Records from a collection:
<<<<

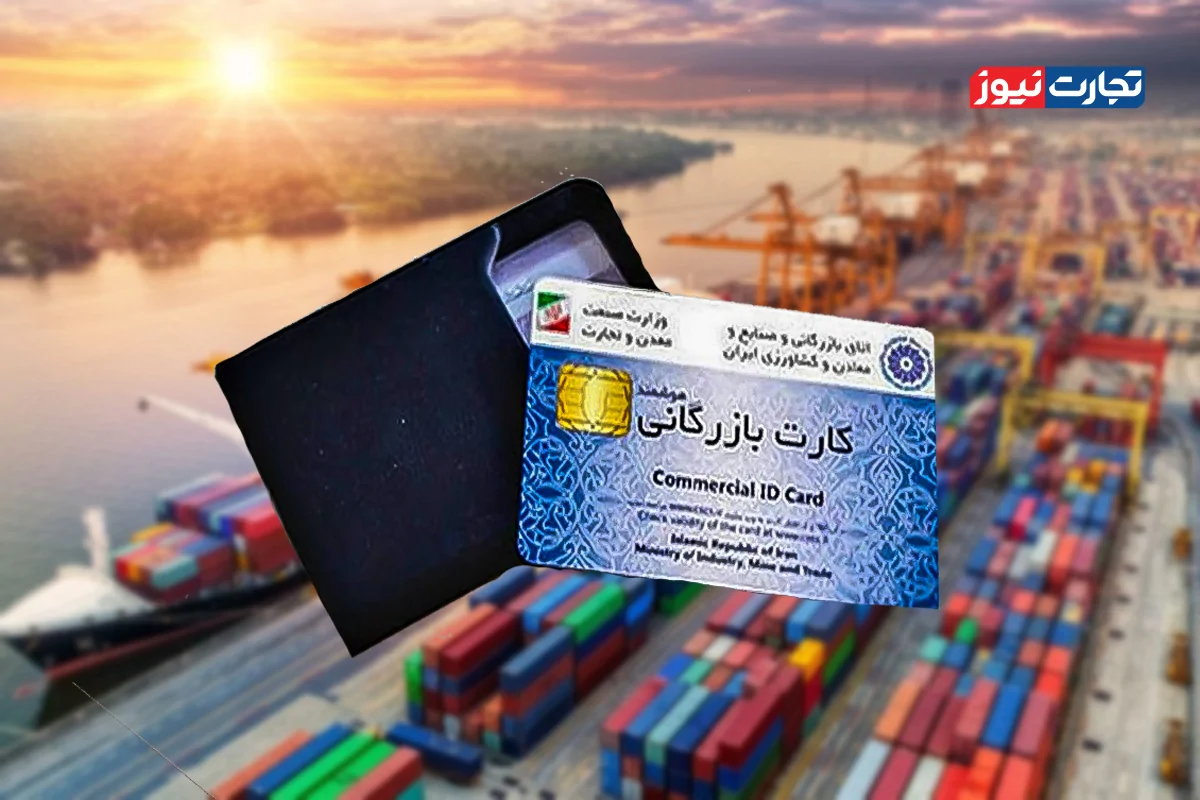 صدور کارت بازرگانی باید حذف شود / کارت‌های بازرگانی هیچ توسعه‌ای برای اقتصاد نداشته‌اند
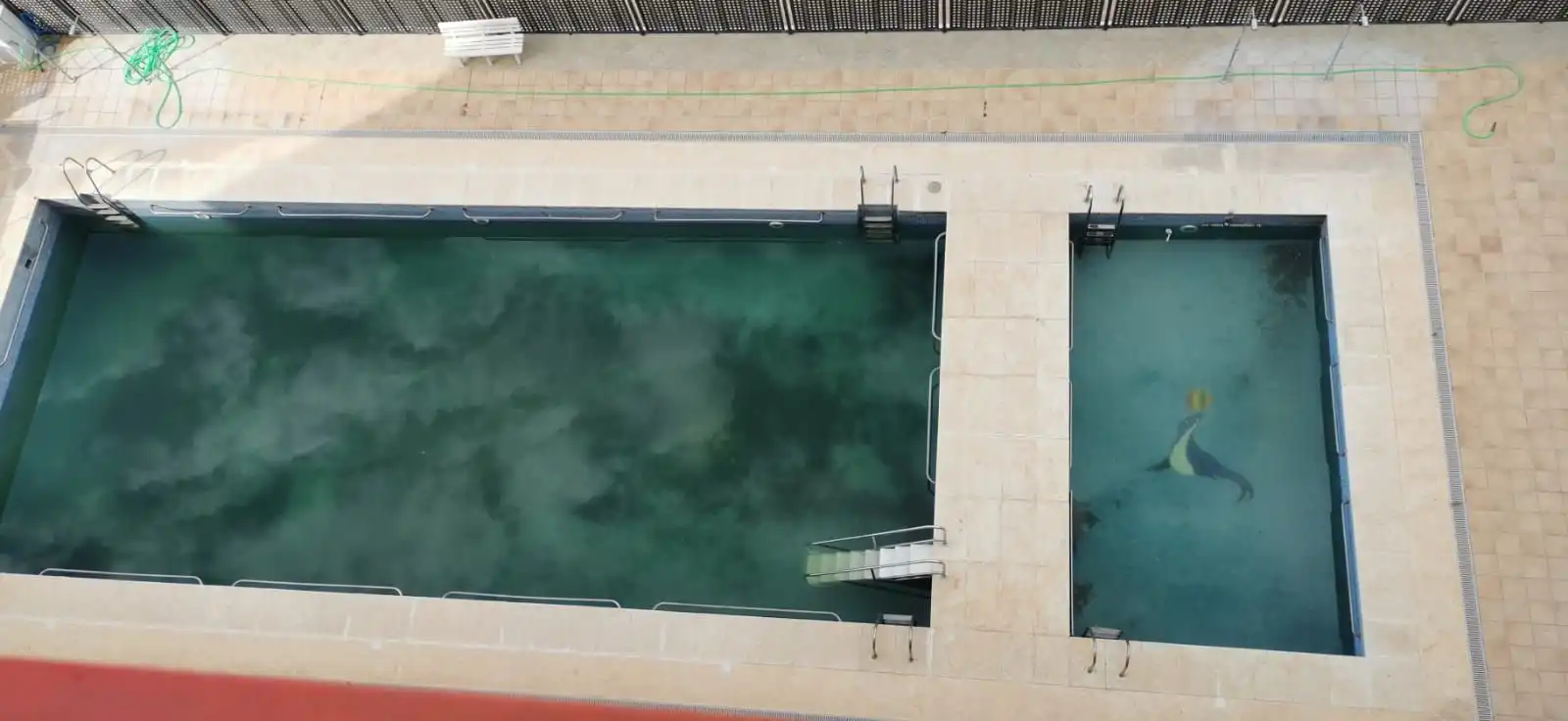 Piscina de Pis de lloguer en Torreblanca amb Terrassa, Piscina i Moblat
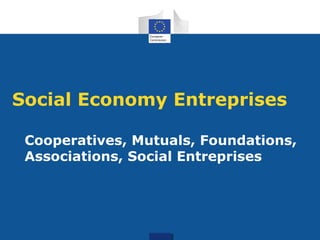 Social Economy Entreprises 
Cooperatives, Mutuals, Foundations, 
Associations, Social Entreprises 
 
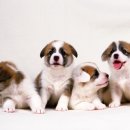 분당동물병원 이미지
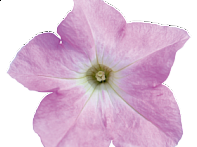 Петуния крупноцветковая (генетически компактная)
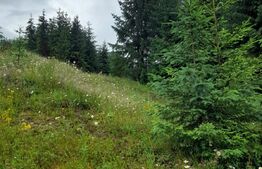 Teren 1400mp, Colibita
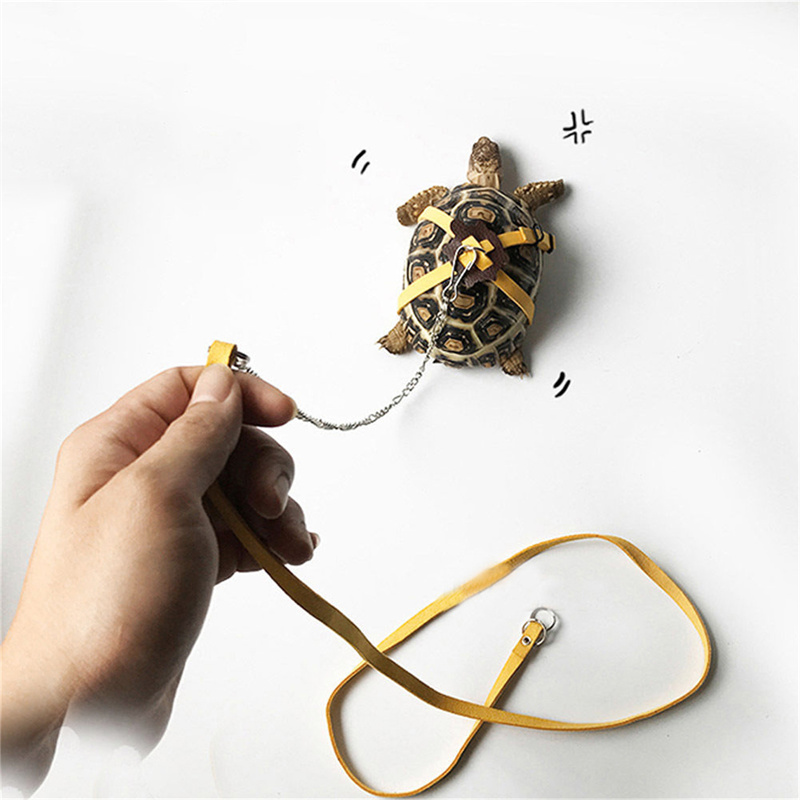 Schildkröten-Zugriemen, Kontro – Water Dish Reptile Bewertung und Preis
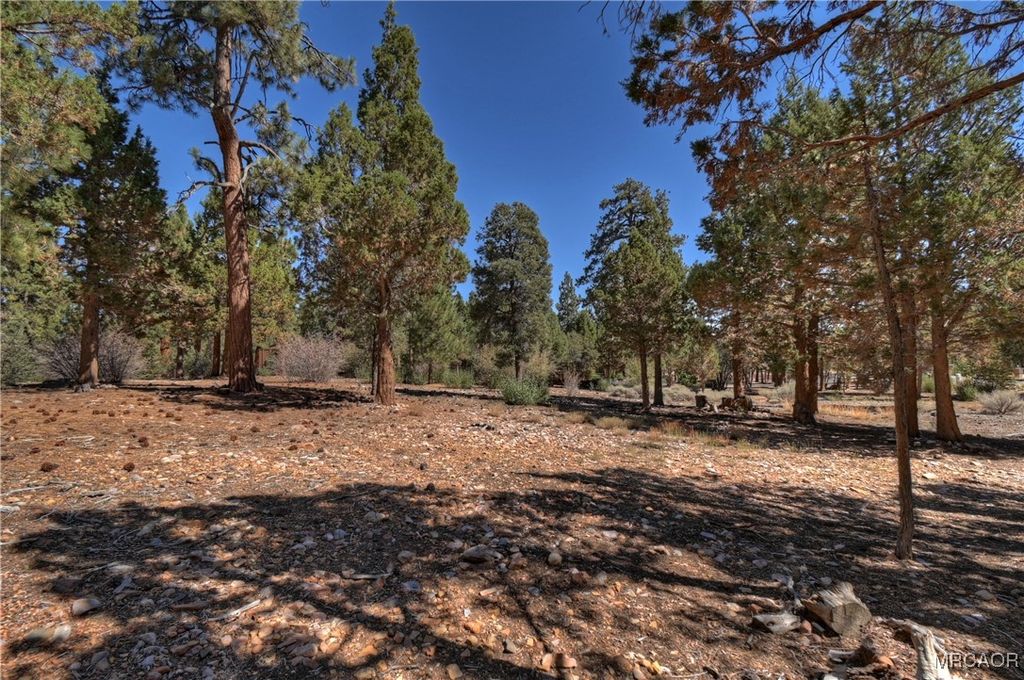 Photo of 0 Heritage Trail, Big Bear City, CA 92314 (MLS # 32502409)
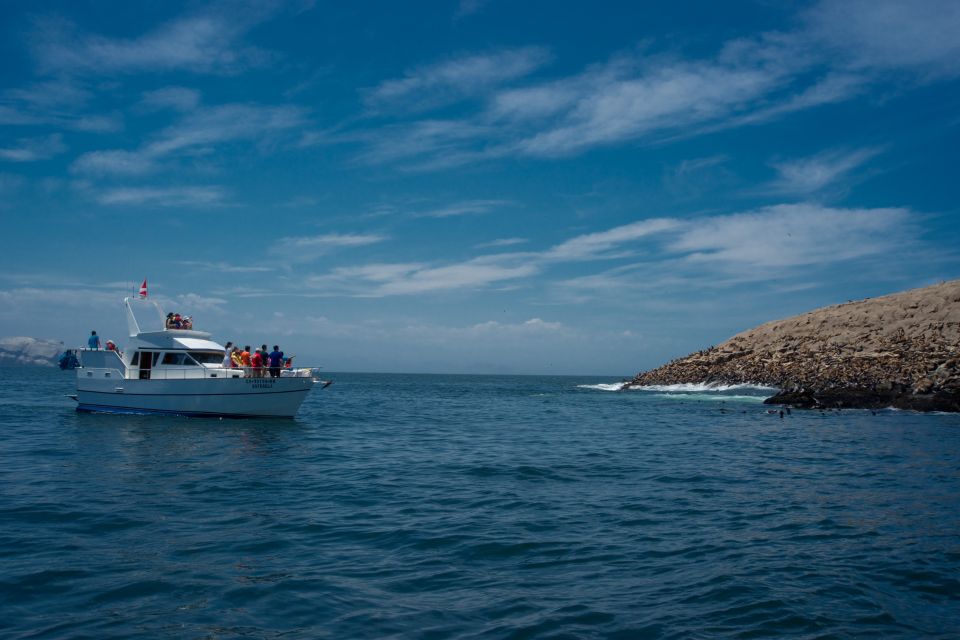 Lima: Sea Lion Swim and Wildlife Palomino Islands Cruise - Additional Information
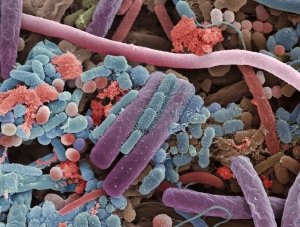 The microbiome call the human body home (www.nature.com)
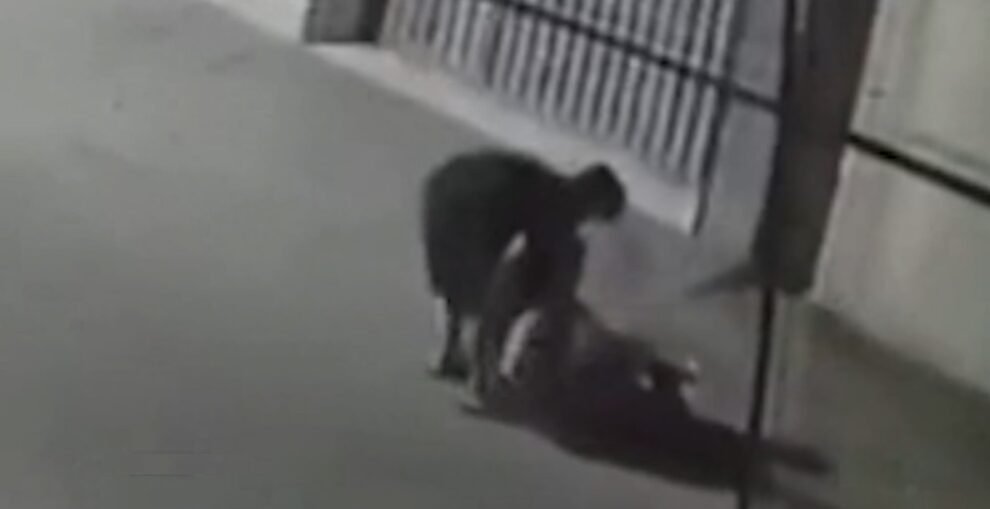 camera-flagra-mulher-sendo-agredida-pelo-companheiro-em-rua-de-fortaleza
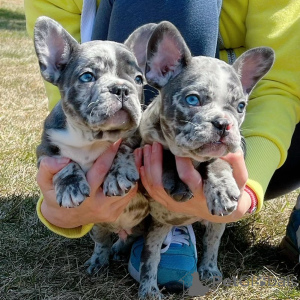 Фото №1. французский бульдог - купить в Париже за договорная. Объявление №166209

>>>>

Directions for this task =
This task calls for the lines from the line holding "Schildkröten-Zugriemen, Kontro –" through the last line above, restated word for word with both ends included and the pictures dropped.

Output of the exercise =
 Schildkröten-Zugriemen, Kontro – Water Dish Reptile Bewertung und Preis
 Photo of 0 Heritage Trail, Big Bear City, CA 92314 (MLS # 32502409)
 Lima: Sea Lion Swim and Wildlife Palomino Islands Cruise - Additional Information
 The microbiome call the human body home (www.nature.com)
 camera-flagra-mulher-sendo-agredida-pelo-companheiro-em-rua-de-fortaleza
 Фото №1. французский бульдог - купить в Париже за договорная. Объявление №166209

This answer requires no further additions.